*RAW DATA*
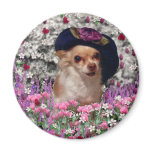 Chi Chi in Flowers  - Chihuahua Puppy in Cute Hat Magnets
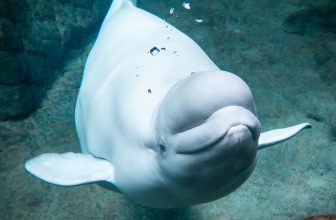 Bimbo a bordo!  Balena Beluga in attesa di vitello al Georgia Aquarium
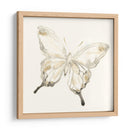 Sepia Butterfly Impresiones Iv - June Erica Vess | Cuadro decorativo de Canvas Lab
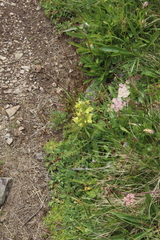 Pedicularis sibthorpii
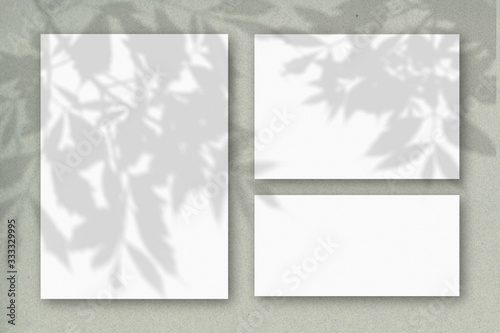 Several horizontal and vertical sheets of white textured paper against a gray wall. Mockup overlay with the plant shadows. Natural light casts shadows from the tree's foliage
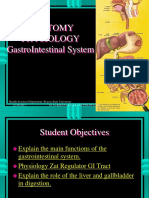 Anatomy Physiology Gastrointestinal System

--

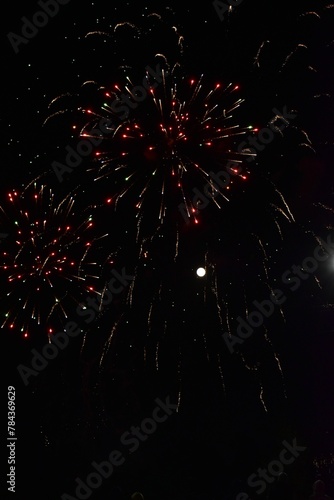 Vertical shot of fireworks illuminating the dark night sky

---

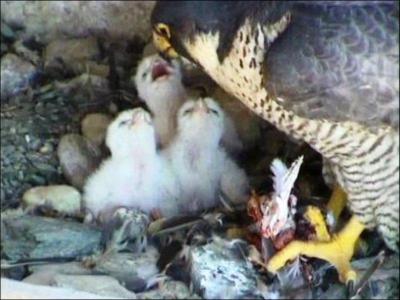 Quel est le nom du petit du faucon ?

*WHAT IS REQUIRED*
Line for line, output the entries above from the line with "Chi Chi in Flowers" to the line with "Anatomy Physiology Gastrointestinal System", both included, and nothing more. Skip pictures.

*TASK OUTPUT*
 Chi Chi in Flowers  - Chihuahua Puppy in Cute Hat Magnets
 Bimbo a bordo!  Balena Beluga in attesa di vitello al Georgia Aquarium
 Sepia Butterfly Impresiones Iv - June Erica Vess | Cuadro decorativo de Canvas Lab
 Pedicularis sibthorpii
 Several horizontal and vertical sheets of white textured paper against a gray wall. Mockup overlay with the plant shadows. Natural light casts shadows from the tree's foliage
 Anatomy Physiology Gastrointestinal System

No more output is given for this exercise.